Exercise: Set out exactly every line of the entries below, starting at the line that holds "Appartement Discover The" and stopping after the line that holds "Lila Kariert |".
======== Data listing ========
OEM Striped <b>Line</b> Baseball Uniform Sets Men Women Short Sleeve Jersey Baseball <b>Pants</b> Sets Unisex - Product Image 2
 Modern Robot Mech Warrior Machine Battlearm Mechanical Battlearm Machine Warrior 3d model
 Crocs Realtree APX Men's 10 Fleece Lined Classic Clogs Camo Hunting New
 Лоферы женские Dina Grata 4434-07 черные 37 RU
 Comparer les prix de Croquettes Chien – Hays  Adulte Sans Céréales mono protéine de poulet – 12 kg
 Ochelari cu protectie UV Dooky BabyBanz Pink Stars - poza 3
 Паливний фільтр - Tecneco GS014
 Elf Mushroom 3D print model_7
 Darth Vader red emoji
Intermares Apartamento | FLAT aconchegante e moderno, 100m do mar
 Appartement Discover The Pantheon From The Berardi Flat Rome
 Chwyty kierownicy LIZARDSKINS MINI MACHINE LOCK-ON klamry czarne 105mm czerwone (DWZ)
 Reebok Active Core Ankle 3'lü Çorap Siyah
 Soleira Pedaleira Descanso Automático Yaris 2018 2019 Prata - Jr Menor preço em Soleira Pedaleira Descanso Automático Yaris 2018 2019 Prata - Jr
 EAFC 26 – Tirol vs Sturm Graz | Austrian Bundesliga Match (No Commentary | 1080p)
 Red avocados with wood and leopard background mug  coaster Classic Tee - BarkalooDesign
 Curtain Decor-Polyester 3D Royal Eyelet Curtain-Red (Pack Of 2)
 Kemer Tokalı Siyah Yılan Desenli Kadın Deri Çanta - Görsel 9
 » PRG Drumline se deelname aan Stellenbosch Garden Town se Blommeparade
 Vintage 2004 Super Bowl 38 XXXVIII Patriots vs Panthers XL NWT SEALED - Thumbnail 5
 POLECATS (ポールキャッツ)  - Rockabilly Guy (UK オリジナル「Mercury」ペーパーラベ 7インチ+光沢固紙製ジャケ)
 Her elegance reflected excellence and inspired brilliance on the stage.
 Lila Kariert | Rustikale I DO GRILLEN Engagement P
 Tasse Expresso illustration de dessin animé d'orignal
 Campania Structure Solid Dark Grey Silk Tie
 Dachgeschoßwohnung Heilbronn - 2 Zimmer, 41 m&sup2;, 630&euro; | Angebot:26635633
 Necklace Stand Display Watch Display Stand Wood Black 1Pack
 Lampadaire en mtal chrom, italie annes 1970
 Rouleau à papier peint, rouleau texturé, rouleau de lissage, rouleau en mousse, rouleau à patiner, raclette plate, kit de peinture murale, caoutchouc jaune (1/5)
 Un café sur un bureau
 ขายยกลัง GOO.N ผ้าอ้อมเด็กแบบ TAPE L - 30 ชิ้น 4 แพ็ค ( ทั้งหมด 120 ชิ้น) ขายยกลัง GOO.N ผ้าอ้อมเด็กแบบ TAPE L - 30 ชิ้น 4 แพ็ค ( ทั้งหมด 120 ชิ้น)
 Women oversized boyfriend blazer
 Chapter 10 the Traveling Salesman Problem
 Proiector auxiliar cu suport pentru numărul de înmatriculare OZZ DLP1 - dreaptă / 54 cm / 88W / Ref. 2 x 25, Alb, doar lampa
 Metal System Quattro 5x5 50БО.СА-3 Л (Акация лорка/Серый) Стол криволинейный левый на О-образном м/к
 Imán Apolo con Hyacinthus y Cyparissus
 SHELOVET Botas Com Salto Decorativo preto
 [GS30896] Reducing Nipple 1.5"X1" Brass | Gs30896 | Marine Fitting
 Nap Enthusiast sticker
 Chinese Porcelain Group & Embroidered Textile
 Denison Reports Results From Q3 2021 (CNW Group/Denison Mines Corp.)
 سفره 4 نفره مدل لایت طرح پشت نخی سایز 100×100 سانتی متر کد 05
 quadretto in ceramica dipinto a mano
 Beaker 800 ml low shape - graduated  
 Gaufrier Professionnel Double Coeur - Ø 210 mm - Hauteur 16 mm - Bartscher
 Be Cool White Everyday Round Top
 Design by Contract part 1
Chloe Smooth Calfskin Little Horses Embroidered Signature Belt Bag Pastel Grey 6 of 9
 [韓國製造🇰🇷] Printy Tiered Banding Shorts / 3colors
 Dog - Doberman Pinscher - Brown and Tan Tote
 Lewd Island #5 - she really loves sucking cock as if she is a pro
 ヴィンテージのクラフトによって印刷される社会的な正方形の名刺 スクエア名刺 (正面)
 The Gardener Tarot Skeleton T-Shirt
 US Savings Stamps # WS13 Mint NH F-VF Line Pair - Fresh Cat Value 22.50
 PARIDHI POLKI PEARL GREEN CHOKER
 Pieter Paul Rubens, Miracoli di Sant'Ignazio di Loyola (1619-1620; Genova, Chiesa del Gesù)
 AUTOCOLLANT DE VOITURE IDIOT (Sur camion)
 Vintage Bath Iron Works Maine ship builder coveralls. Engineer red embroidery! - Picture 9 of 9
========
Response box:
 Appartement Discover The Pantheon From The Berardi Flat Rome
 Chwyty kierownicy LIZARDSKINS MINI MACHINE LOCK-ON klamry czarne 105mm czerwone (DWZ)
 Reebok Active Core Ankle 3'lü Çorap Siyah
 Soleira Pedaleira Descanso Automático Yaris 2018 2019 Prata - Jr Menor preço em Soleira Pedaleira Descanso Automático Yaris 2018 2019 Prata - Jr
 EAFC 26 – Tirol vs Sturm Graz | Austrian Bundesliga Match (No Commentary | 1080p)
 Red avocados with wood and leopard background mug  coaster Classic Tee - BarkalooDesign
 Curtain Decor-Polyester 3D Royal Eyelet Curtain-Red (Pack Of 2)
 Kemer Tokalı Siyah Yılan Desenli Kadın Deri Çanta - Görsel 9
 » PRG Drumline se deelname aan Stellenbosch Garden Town se Blommeparade
 Vintage 2004 Super Bowl 38 XXXVIII Patriots vs Panthers XL NWT SEALED - Thumbnail 5
 POLECATS (ポールキャッツ)  - Rockabilly Guy (UK オリジナル「Mercury」ペーパーラベ 7インチ+光沢固紙製ジャケ)
 Her elegance reflected excellence and inspired brilliance on the stage.
 Lila Kariert | Rustikale I DO GRILLEN Engagement P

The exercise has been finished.